Cross over the wooden bridge
over the railway
and we were there.
The leaves of the populars were gently tiddlywinking in the breeze,
pale yellows, greens and greys,
whispering and watching the boys below.
Not an axe but a hatchet,
to chip away through the bark and bite the wood wider and wider.
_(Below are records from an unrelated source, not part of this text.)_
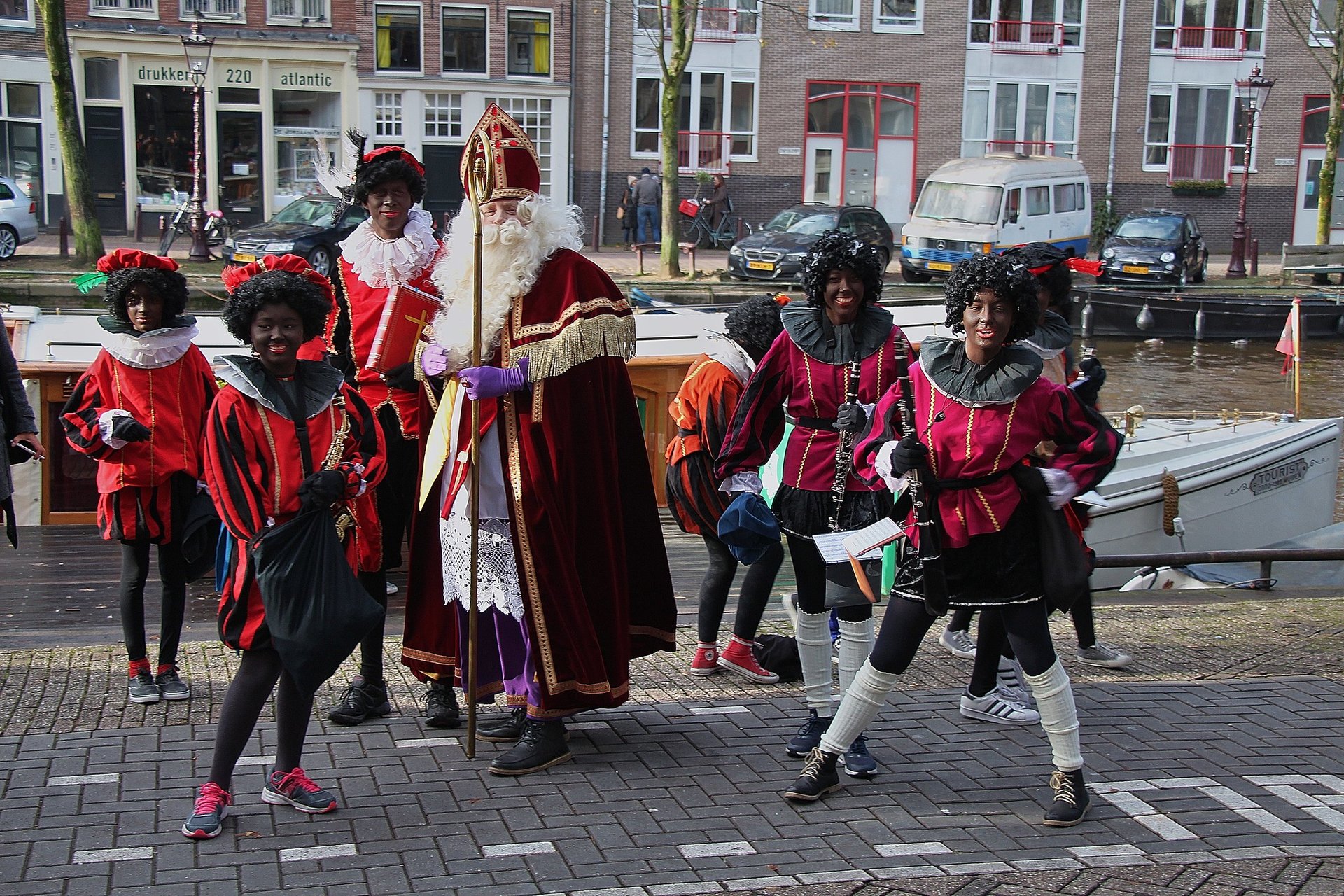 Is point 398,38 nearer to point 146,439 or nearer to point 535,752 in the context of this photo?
point 146,439

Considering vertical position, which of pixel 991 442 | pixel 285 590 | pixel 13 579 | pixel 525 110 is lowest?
pixel 13 579

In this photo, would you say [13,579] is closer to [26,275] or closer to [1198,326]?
[26,275]

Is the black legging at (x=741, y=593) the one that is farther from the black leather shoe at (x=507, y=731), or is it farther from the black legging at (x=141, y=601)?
the black legging at (x=141, y=601)

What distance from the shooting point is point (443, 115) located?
3162 cm

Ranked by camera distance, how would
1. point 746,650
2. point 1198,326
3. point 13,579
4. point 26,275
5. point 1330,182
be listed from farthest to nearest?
1. point 1330,182
2. point 1198,326
3. point 26,275
4. point 13,579
5. point 746,650

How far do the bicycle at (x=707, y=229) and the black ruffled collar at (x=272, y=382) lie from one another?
27.6 meters

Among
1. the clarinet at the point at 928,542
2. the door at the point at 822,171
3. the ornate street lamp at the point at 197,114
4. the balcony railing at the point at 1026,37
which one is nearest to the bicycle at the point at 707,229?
the door at the point at 822,171

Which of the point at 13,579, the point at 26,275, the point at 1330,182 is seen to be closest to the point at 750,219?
the point at 1330,182

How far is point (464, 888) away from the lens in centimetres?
382

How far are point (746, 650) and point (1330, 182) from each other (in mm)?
27287

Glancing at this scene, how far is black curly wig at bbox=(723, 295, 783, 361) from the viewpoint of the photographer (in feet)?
19.0

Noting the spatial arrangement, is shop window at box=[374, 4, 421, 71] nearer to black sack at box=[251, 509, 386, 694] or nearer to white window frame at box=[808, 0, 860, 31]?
white window frame at box=[808, 0, 860, 31]

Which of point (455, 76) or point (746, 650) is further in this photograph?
point (455, 76)

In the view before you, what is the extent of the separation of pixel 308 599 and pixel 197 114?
2619cm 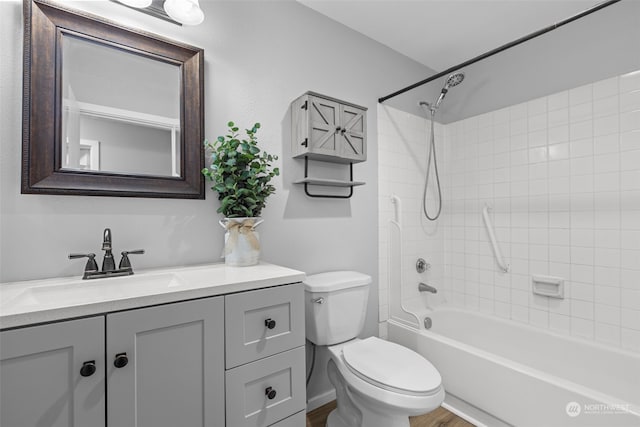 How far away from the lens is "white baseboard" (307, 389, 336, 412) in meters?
1.72

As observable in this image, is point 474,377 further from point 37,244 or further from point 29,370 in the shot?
point 37,244

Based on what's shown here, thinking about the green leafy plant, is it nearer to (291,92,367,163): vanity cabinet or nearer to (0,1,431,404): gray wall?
(0,1,431,404): gray wall

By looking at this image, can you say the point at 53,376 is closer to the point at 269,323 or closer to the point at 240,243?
the point at 269,323

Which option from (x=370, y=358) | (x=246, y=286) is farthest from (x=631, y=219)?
(x=246, y=286)

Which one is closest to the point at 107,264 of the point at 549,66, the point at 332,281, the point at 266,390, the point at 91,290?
the point at 91,290

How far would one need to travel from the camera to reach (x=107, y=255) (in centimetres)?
112

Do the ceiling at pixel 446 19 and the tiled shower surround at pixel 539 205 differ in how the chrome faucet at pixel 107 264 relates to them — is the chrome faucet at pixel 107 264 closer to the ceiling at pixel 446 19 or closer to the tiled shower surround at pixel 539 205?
the tiled shower surround at pixel 539 205

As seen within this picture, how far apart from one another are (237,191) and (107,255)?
0.56 meters

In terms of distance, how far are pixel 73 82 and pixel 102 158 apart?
1.00 feet

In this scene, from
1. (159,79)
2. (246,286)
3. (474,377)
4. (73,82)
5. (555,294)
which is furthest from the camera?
(555,294)

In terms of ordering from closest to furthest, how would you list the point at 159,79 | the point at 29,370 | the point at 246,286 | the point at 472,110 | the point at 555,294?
the point at 29,370, the point at 246,286, the point at 159,79, the point at 555,294, the point at 472,110

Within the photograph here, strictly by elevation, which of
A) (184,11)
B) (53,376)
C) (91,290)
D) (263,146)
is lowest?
(53,376)

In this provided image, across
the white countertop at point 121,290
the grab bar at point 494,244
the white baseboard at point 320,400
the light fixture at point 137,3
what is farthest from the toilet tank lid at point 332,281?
the light fixture at point 137,3

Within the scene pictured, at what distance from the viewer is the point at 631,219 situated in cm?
167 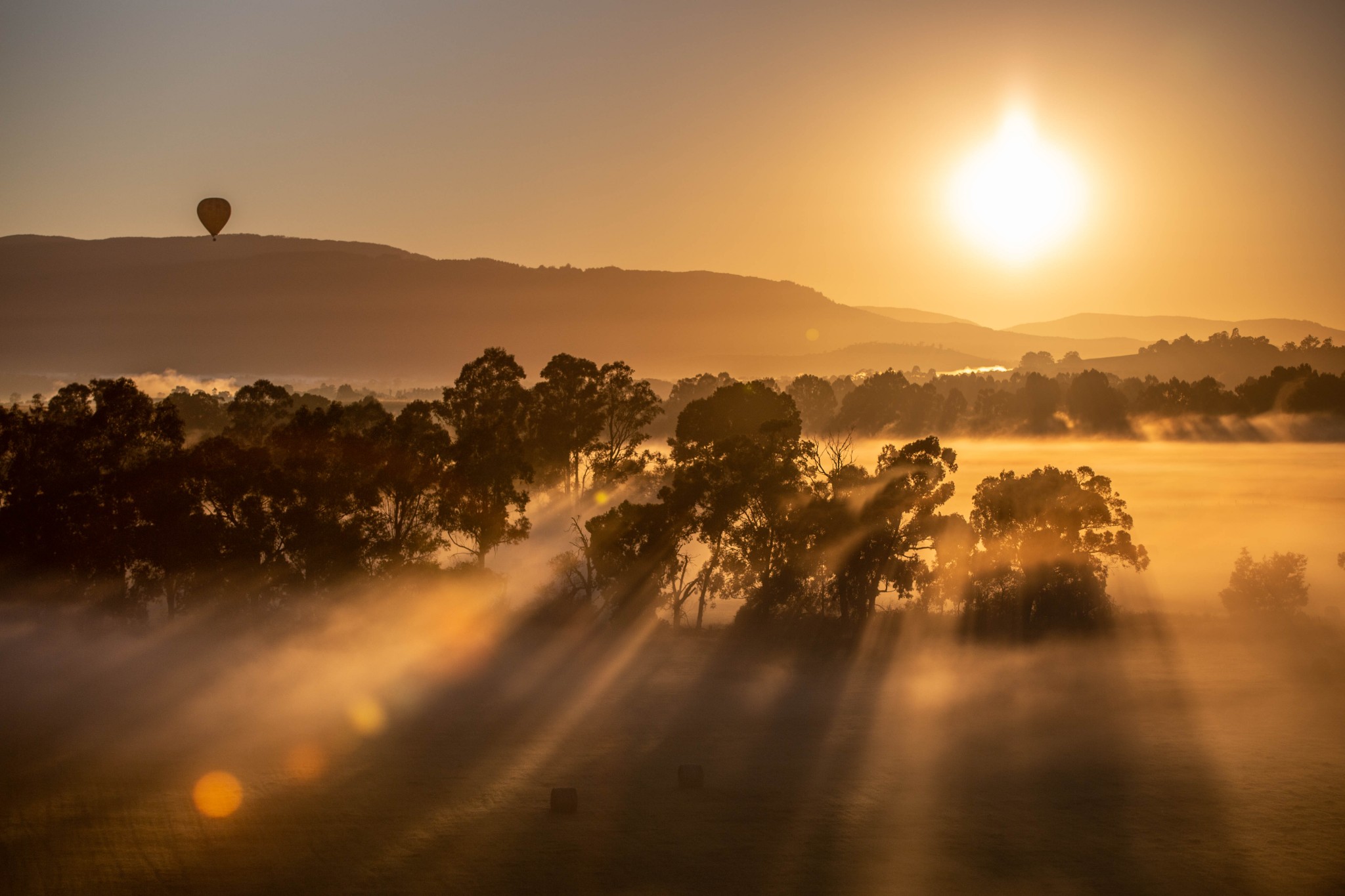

"Put a bigger cut where we want it to fall" sagacity said,
and so, we did,
and we chopped
and we chopped
all day long.
Rest a while,
and chop a while,
and rest some more,
A quiet low sigh,
a creaky cough,
a terminal wince of pain.
We looked at each other,
phuffed away a shiver of guilt,
and chipped a little more.
It was swaying slightly,
stressing the remaining wood.
Hatchet thrown aside, pallbearers palming the trunk, we pushed.
The tree creaked, and we squeaked,
as we pushed it back and forth.
Then, as it oscillated one last time, we kept the pressure up
over it went,
floating as it fell.
Then crash! It hit the ground
and every leaf and dusty twig swarmed up into the air
and into our hair.
and we are done
But, oh, what have you done?
You naughty, naughty, boys!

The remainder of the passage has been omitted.